The Schrödinger equation applies to the new Hamiltonian. Solutions to the untransformed and transformed equations are also related by $U$ . Specifically, if the wave function $\psi (t)$  satisfies the original equation, then $U\psi (t)$  will satisfy the new equation.

### Derivation

Recall that by the definition of a unitary matrix, $U^{\dagger }U=1$ . Beginning with the Schrödinger equation,

${\dot {\psi }}=-{\frac {i}{\hbar }}H\psi$ ,

we can therefore insert $U^{\dagger }U$  at will. In particular, inserting it after $H/\hbar$  and also premultiplying both sides by $U$ , we get

$U{\dot {\psi }}=-{\frac {i}{\hbar }}\left(UHU^{\dagger }\right)U\psi \quad \quad (1)$ .

Next, note that by the product rule,

${\frac {\mathrm {d} }{\mathrm {d} t}}\left(U\psi \right)={\dot {U}}\psi +U{\dot {\psi }}$ .

Inserting another $U^{\dagger }U$  and rearranging, we get

$U{\dot {\psi }}={\frac {\mathrm {d} }{\mathrm {d} t}}{\Big (}U\psi {\Big )}-{\dot {U}}U^{\dagger }U\psi \quad \quad (2)$ .

Finally, combining (1) and (2) above results in the desired transformation:

${\frac {\mathrm {d} }{\mathrm {d} t}}{\Big (}U\psi {\Big )}=-{\frac {i}{\hbar }}{\Big (}UH{U^{\dagger }}+i\hbar \,{\dot {U}}{U^{\dagger }}{\Big )}{\Big (}U\psi {\Big )}\quad \quad \left(3\right)$ .

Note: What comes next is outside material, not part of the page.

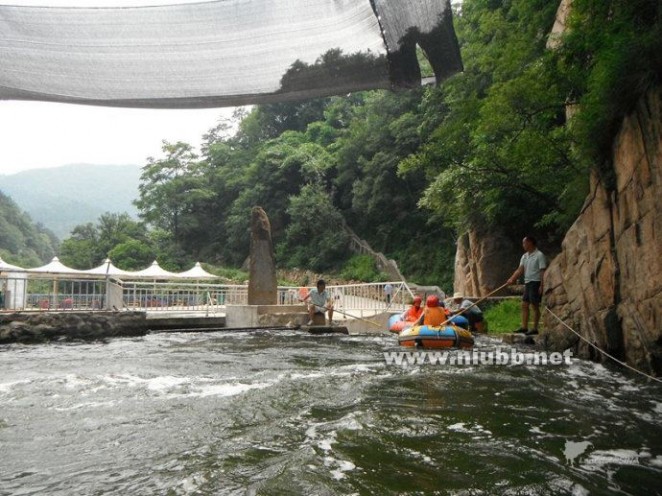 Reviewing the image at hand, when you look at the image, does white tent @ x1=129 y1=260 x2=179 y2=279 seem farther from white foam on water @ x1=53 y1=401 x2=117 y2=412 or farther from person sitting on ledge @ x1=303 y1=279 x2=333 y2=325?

If we adopt the notation ${\breve {\psi }}:=U\psi$  to describe the transformed wave function, the equations can be written in a clearer form. For instance, $(3)$  can be rewritten as

${\frac {\mathrm {d} }{\mathrm {d} t}}{\breve {\psi }}=-{\frac {i}{\hbar }}{\breve {H}}{\breve {\psi }}\quad \quad \left(4\right)$ ,

which can be rewritten in the form of the original Schrödinger equation,

${\breve {H}}{\breve {\psi }}=i\hbar {\operatorname {d} \!{\breve {\psi }} \over \operatorname {d} \!t}.$

The original wave function can be recovered as $\psi =U^{\dagger }{\breve {\psi }}$ .

### Relation to the interaction picture

Unitary transformations can be seen as a generalization of the interaction (Dirac) picture. In the latter approach, a Hamiltonian is broken into a time-independent part and a time-dependent part,

$H(t)=H_{0}+V(t)\quad \quad (a)$ .

In this case, the Schrödinger equation becomes

${\dot {\psi _{I}}}=-{\frac {i}{\hbar }}\left(e^{iH_{0}t/\hbar }Ve^{-iH_{0}t/\hbar }\right)\psi _{I}$ , with $\psi _{I}=e^{iH_{0}t/\hbar }\psi$ .

The correspondence to a unitary transformation can be shown by choosing ${\textstyle U(t)=\exp \left[{+iH_{0}t/\hbar }\right]}$ . As a result, ${U^{\dagger }}(t)=\exp \left[{-iH_{0}t}/\hbar \right].$

Using the notation from $(0)$  above, our transformed Hamiltonian becomes

${\breve {H}}=U\left[H_{0}+V(t)\right]U^{\dagger }+i\hbar {\dot {U}}U^{\dagger }\quad \quad (b)$

First note that since $U$  is a function of $H_{0}$ , the two must commute. Then

$UH_{0}U^{\dagger }=H_{0}$ ,

which takes care of the first term in the transformation in $(b)$ , i.e. ${\breve {H}}=H_{0}+UV(t)U^{\dagger }+i\hbar {\dot {U}}U^{\dagger }$ . Next use the chain rule to calculate

{\begin{aligned}i\hbar {\dot {U}}U^{\dagger }&=i\hbar \left({\operatorname {d} \!U \over \operatorname {d} \!t}\right)e^{-iH_{0}t/\hbar }\\&=i\hbar {\Big (}iH_{0}/\hbar {\Big )}e^{+iH_{0}t/\hbar }e^{-iH_{0}t/\hbar }\\&=i\hbar \left({iH_{0}}/\hbar \right)\\&=-H_{0},\\\end{aligned}}

which cancels with the other $H_{0}$ . Evidently we are left with ${\breve {H}}=UVU^{\dagger }$ , yielding ${\dot {\psi _{I}}}=-{\frac {i}{\hbar }}UVU^{\dagger }\psi _{I}$  as shown above.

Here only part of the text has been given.